Would you repeat the entries below exactly and omit the pictures?

##### Task input #####

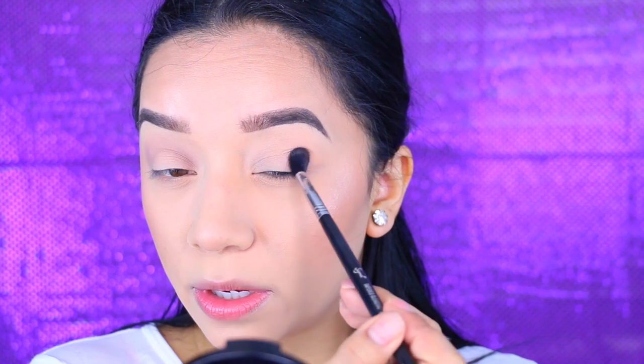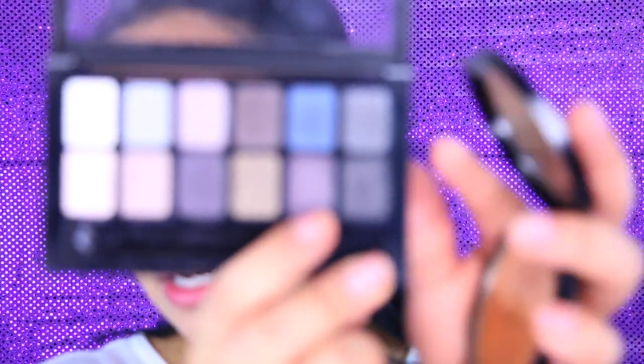Now I'm going to move on to the eyes using the new Maybelline The Rock Nudes palette. I'm going to take this first color - it's like a muted gray - and apply that all over the crease to work as a transitional color. It's not something that's super intense; it's a nice transitional color but I wish it had a little bit more pigment to it. I'm going to take this next shade - a really pretty plummy matte color - and apply that to the crease as well.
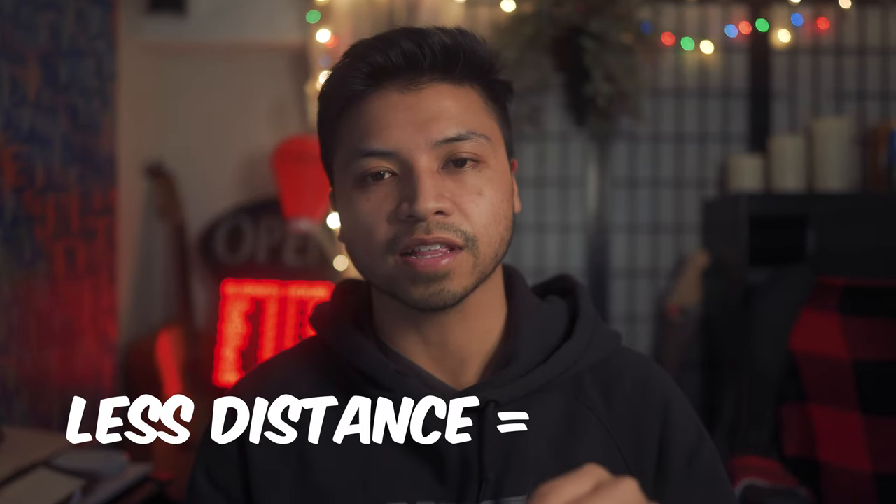Thank you guys for watching. I really hope this helps you increase your speed. Press that like button, press that subscribe button, and I'll see you guys in the next one.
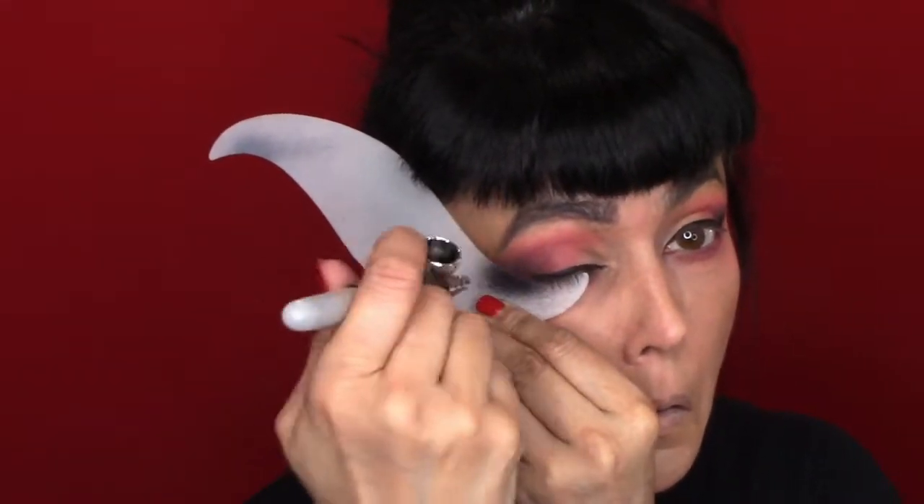I love doing my cat eye — I find it super easy and quick. This makeup look takes like nine minutes to do a full face. I went in with my L'Oreal pencil and did my eyebrows. I like a thick brow. Then I'm going in with a liquid liner by L'Oreal. I've listed all these products on my Amazon store so it's easy for you guys.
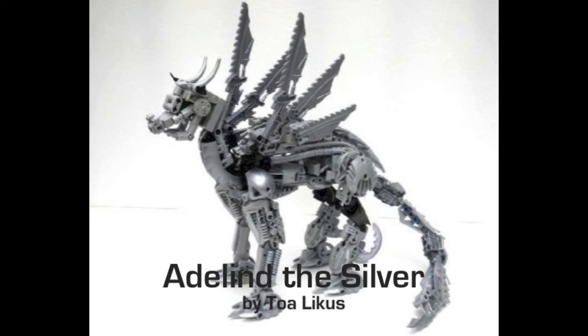On the other hand, this mock has some really, really great qualities as well. I love the use of the Rahkshi spine as the main body — that looks really good. The head is fantastic. The only thing I can really nitpick is that I feel like it would be nice if there were eyes that were more evident.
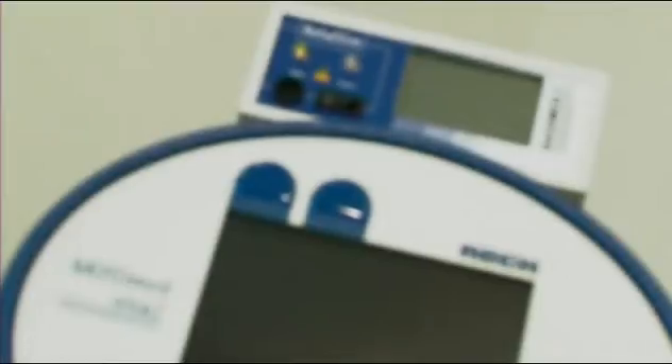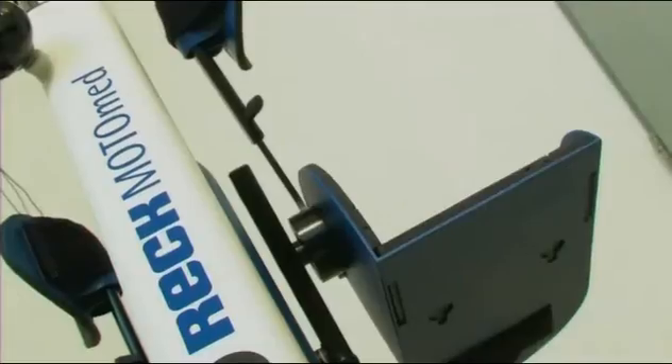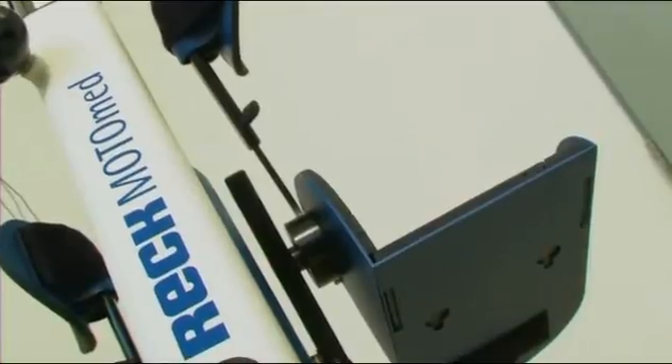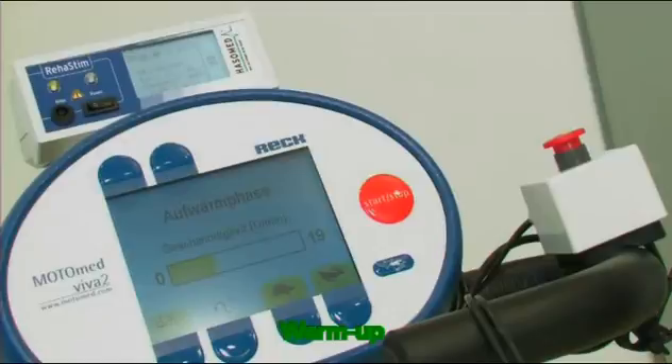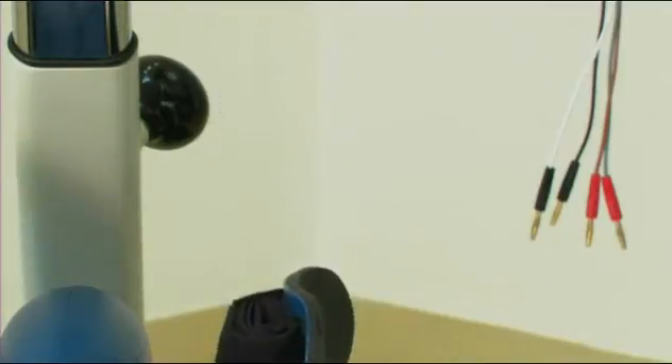RehaMove combines conventional motion training with functional electrical stimulation. Functional electrical stimulation assists people with movement disorders of their legs or arms due to disease or accident. With the extension of a MotoMed Viva 2 with the RehaMove control, therapy options can be transformed from passive into active motion training.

#####

### Answer to the problem
Now I'm going to move on to the eyes using the new Maybelline The Rock Nudes palette. I'm going to take this first color - it's like a muted gray - and apply that all over the crease to work as a transitional color. It's not something that's super intense; it's a nice transitional color but I wish it had a little bit more pigment to it. I'm going to take this next shade - a really pretty plummy matte color - and apply that to the crease as well.
Thank you guys for watching. I really hope this helps you increase your speed. Press that like button, press that subscribe button, and I'll see you guys in the next one.
I love doing my cat eye — I find it super easy and quick. This makeup look takes like nine minutes to do a full face. I went in with my L'Oreal pencil and did my eyebrows. I like a thick brow. Then I'm going in with a liquid liner by L'Oreal. I've listed all these products on my Amazon store so it's easy for you guys.
On the other hand, this mock has some really, really great qualities as well. I love the use of the Rahkshi spine as the main body — that looks really good. The head is fantastic. The only thing I can really nitpick is that I feel like it would be nice if there were eyes that were more evident.
RehaMove combines conventional motion training with functional electrical stimulation. Functional electrical stimulation assists people with movement disorders of their legs or arms due to disease or accident. With the extension of a MotoMed Viva 2 with the RehaMove control, therapy options can be transformed from passive into active motion training.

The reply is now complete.